- [Activity]:
Omit any picture, and return the remaining data exactly as written.

- [Dataset excerpt]:
++++++
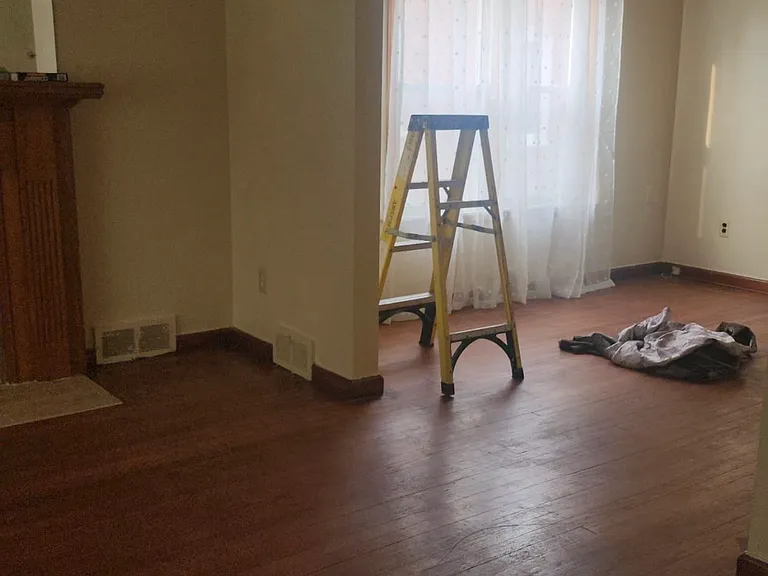 7304 Emanon St — Photo 5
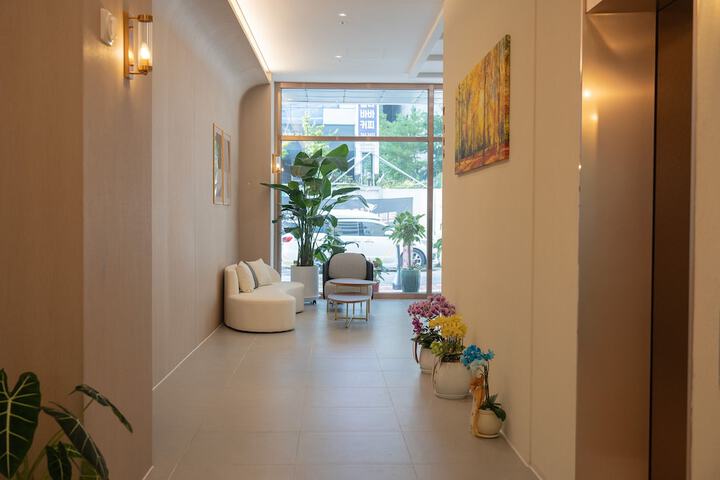 Ballroom/Hall 43 of 51
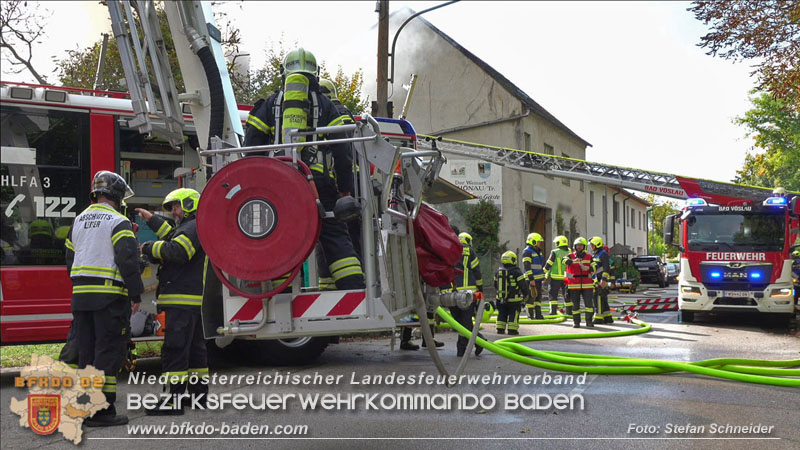 20251012_Wohnhausbrand in Schönau fordert Einsatzkräfte  Foto: Stefan Schneider BFKDO BADEN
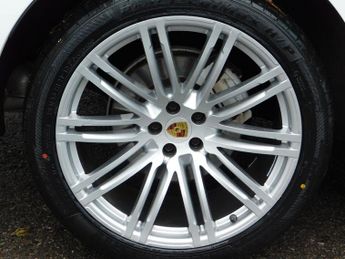 Porsche Macan 3.0 TD V6 S PDK 4WD Euro 6 (s/s) 5dr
++++++
- [Completed task]:
 7304 Emanon St — Photo 5
 Ballroom/Hall 43 of 51
 20251012_Wohnhausbrand in Schönau fordert Einsatzkräfte  Foto: Stefan Schneider BFKDO BADEN
 Porsche Macan 3.0 TD V6 S PDK 4WD Euro 6 (s/s) 5dr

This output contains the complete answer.